Just when you thought that the window-into-the-criminal-justice-system’s-foibles that the Tsarnaev case couldn’t get any window-into-the-criminal-justice-system’s-foibles-ier, the First Circuit ups and practically shoves an opinion in our faces that screams “CHARADE! CAN YOU SEE IT? THIS IS A SCAM!”
You might remember from my earlier posts that after being denied a change of venue three times, Tsarnaev filed a second Writ of Mandamus in the 1st Circuit, asking them to stay jury selection and move the trial to another jurisdiction. The 1st Circuit finally ruled [PDF]. The headlines will be: “First Circuit grants argument in venue change!”
The reality is that they’ve already told you how they’re going to rule.
In addition to the Second Petition, three motions are pending before this court. First, petitioner seeks a stay of jury selection in the district court, which the government has opposed. Petitioner’s motion to stay is denied as without merit by two judges of this court.
The First Circuit will listen to arguments on whether the jury selection and the whole trial should be moved to another jurisdiction one week from today but they won’t stop jury selection until then. We don’t know how many jurors will be questioned between now and then and if enough will be accepted to seat a whole jury.
Do you really think that next week, the First Circuit is suddenly going to say that, yes, of course, the trial should be moved?

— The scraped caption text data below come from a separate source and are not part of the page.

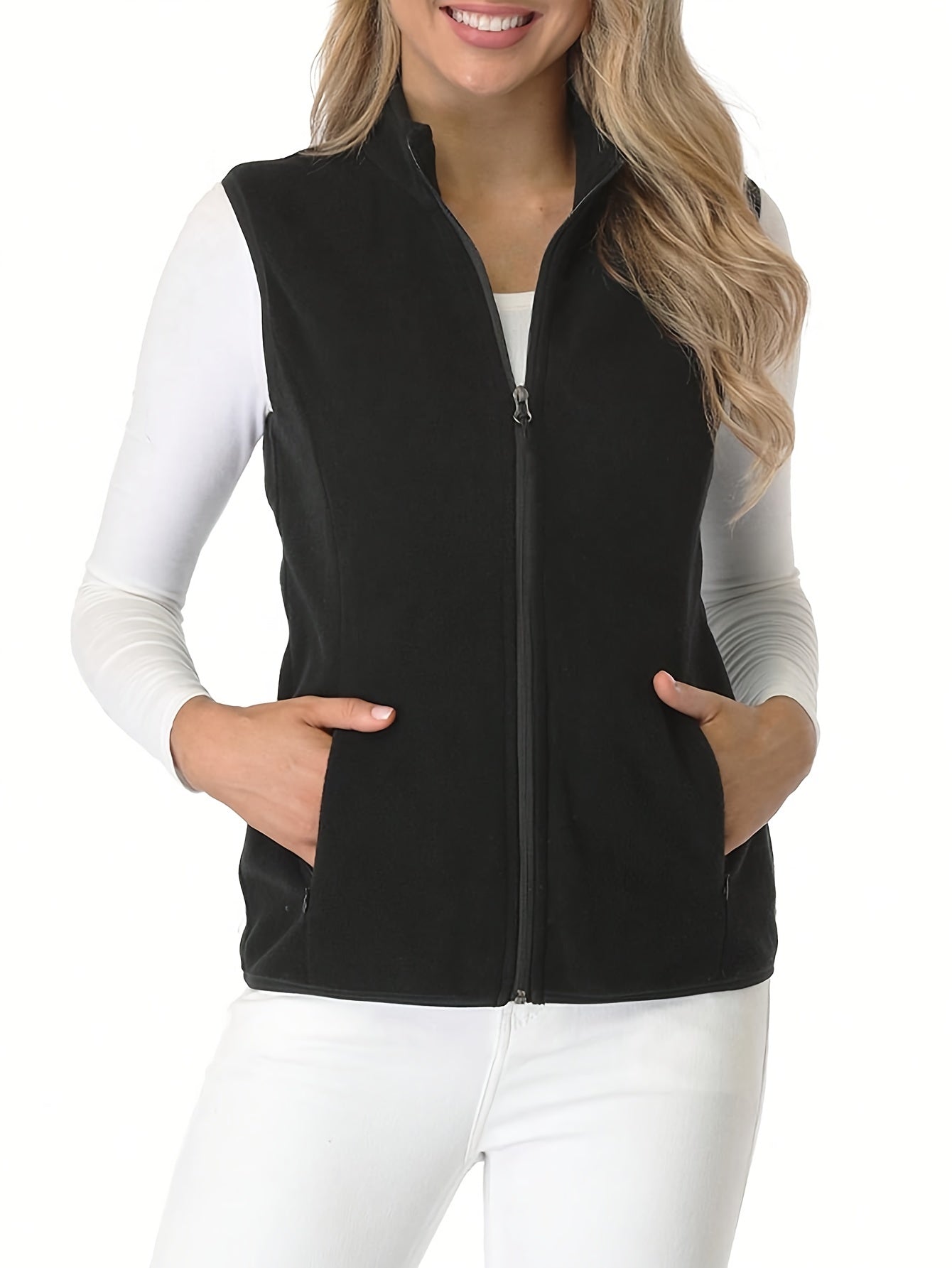 Women's Lightweight Denim Zip-Up Vest detail view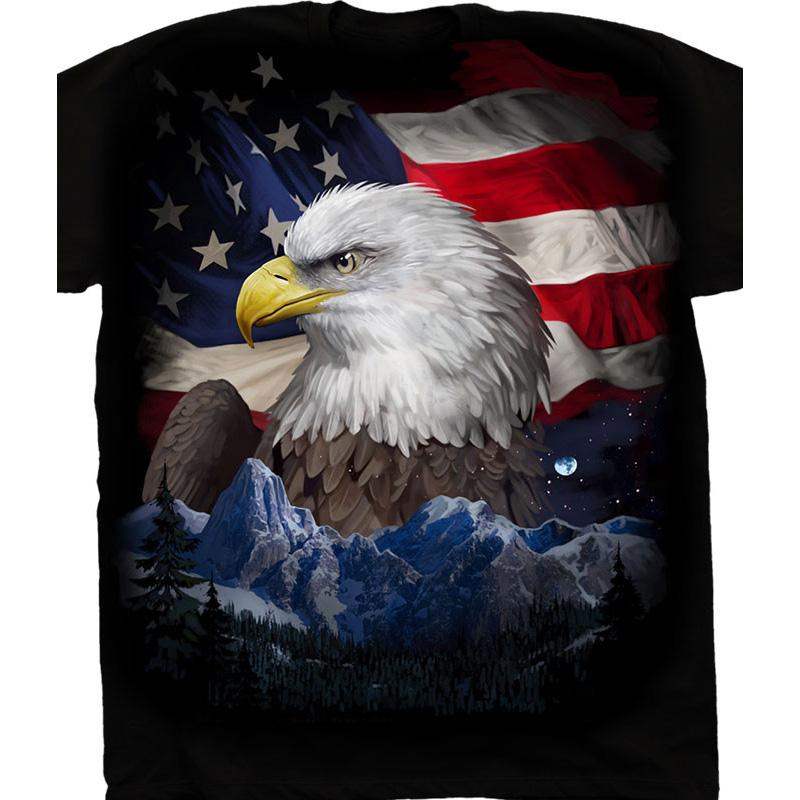 3D Print Tie-dye Pattern Style Stars Stripe Bald Eagle T-shirt for Men America 250 Years Independence Day Colors T Shirts 2026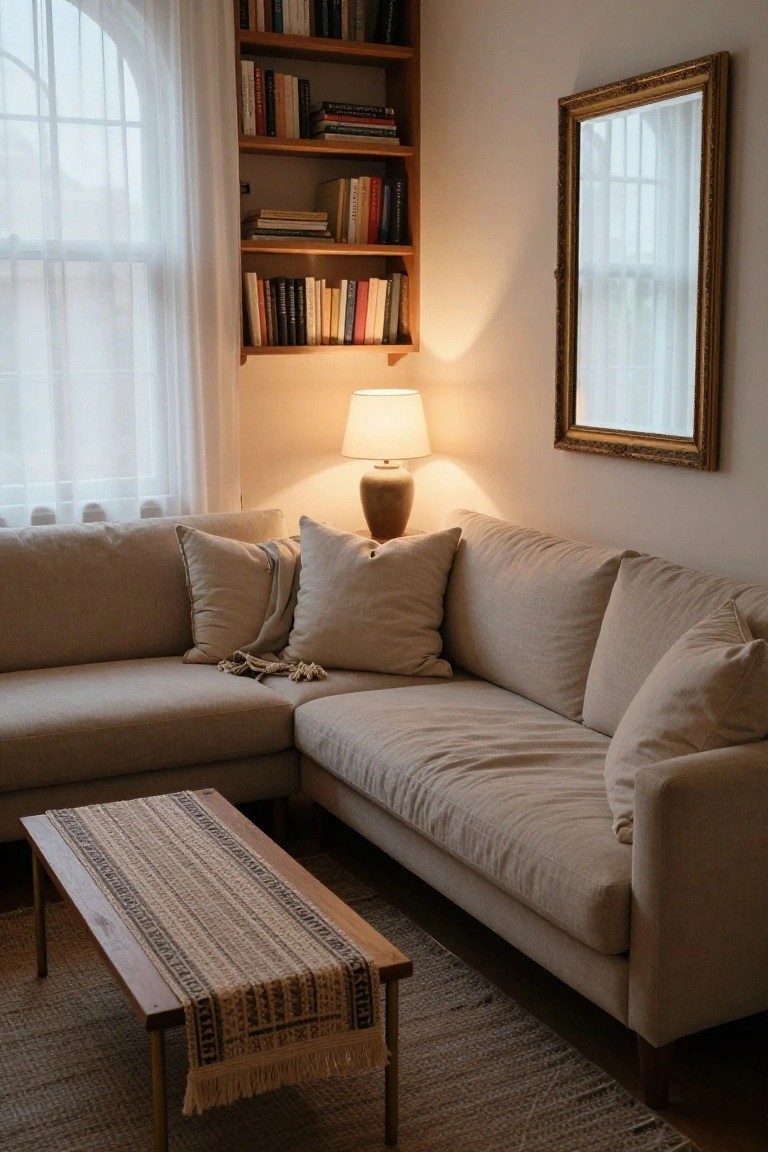 Beige L-shaped sofa in a living room corner with wooden bookshelves, ceramic lamp on side table, gold-framed mirror, and arched window with sheer curtains.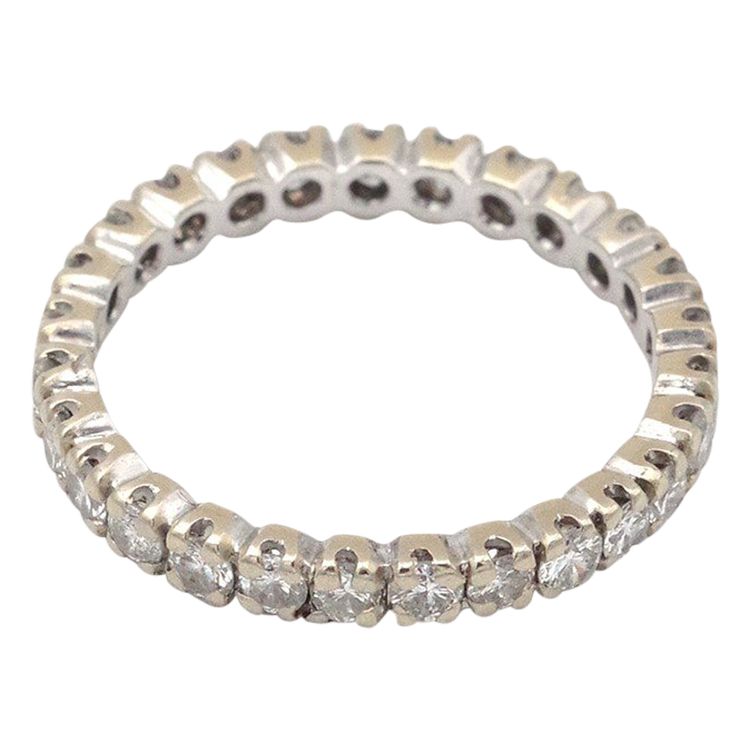 Anello nuziale americano con diamante in oro bianco 18 carati, 1,35 carati, taglio brillante, fede nuziale, matrimonio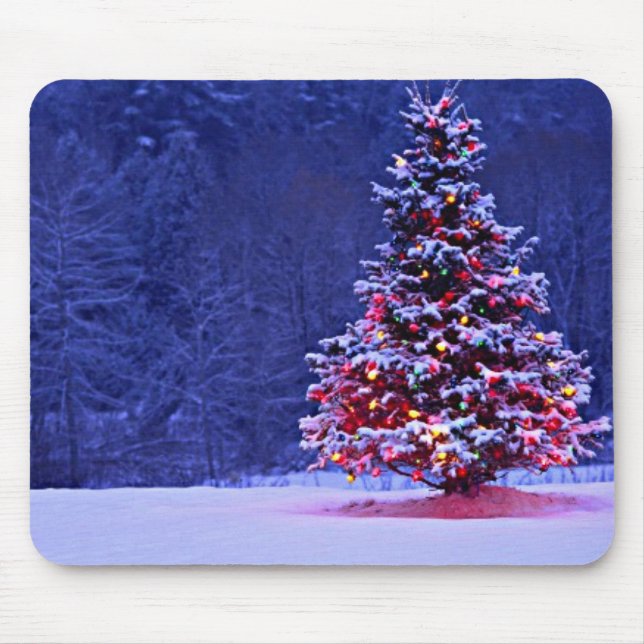 Tapis De Souris La neige a couvert l'arbre de Noël (Devant)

Absolutely no chance at all of that happening1.
So why are they granting a hearing in the first place? It seems because they have to:
Our concurring and dissenting colleague has requested oral argument and argument may be granted at the request of a single judge. Accordingly, we will hear argument on the Second Petition on February 19, 2015, at 10:00 a.m.
The panel that issued this order consists of three judges. Out of the three, only one would have granted the stay of jury selection and only one wants to hear oral argument on whether the case should be moved. The lone dissenting judge is Juan Torruella, all of 81 years and a Reagan appointee. He makes the rather obvious point that if a hearing is to be conducted next week on whether the case should be moved elsewhere, then wouldn’t it make sense to halt jury selection until then?
So how do you think the other two will vote come next Thursday? I don’t think Judge O’Toole is worried.
Then there’s also the charade of dancing around the very heart of the matter that’s at the core of this motion for change of venue. Both parties are not allowed to reference items that are sealed below. This means that they cannot reference, in open court, the responses of jurors to questions or to the questionnaire that call into question the ability of Tsarnaev to have a fair trial in Boston.
Judge Torruella again:
Second, while I agree with the order as to the time, place, and length of the hearing, as well as the briefing schedule, I disagree with the restrictions placed upon it by virtue of the sealing order. It will be quite an interesting hearing since the parties will be forbidden from discussing the details of facts directly at the heart of the issue presented: whether the answers given during the jury selection process have demonstrated that the jury pool is so tainted and prejudiced that it is impossible for the Defendant to receive a fair trial.
At 81, he’s no fool. He sees this for what it is: a pro-forma hearing with a foregone conclusion. The First Circuit seems to have made up its mind: this trial will happen in Boston, regardless of how fair the jurors are and at the exclusion of the press and the public if need be.
This is justice in America. Some have called it a Kangaroo Court. I call it Thursday.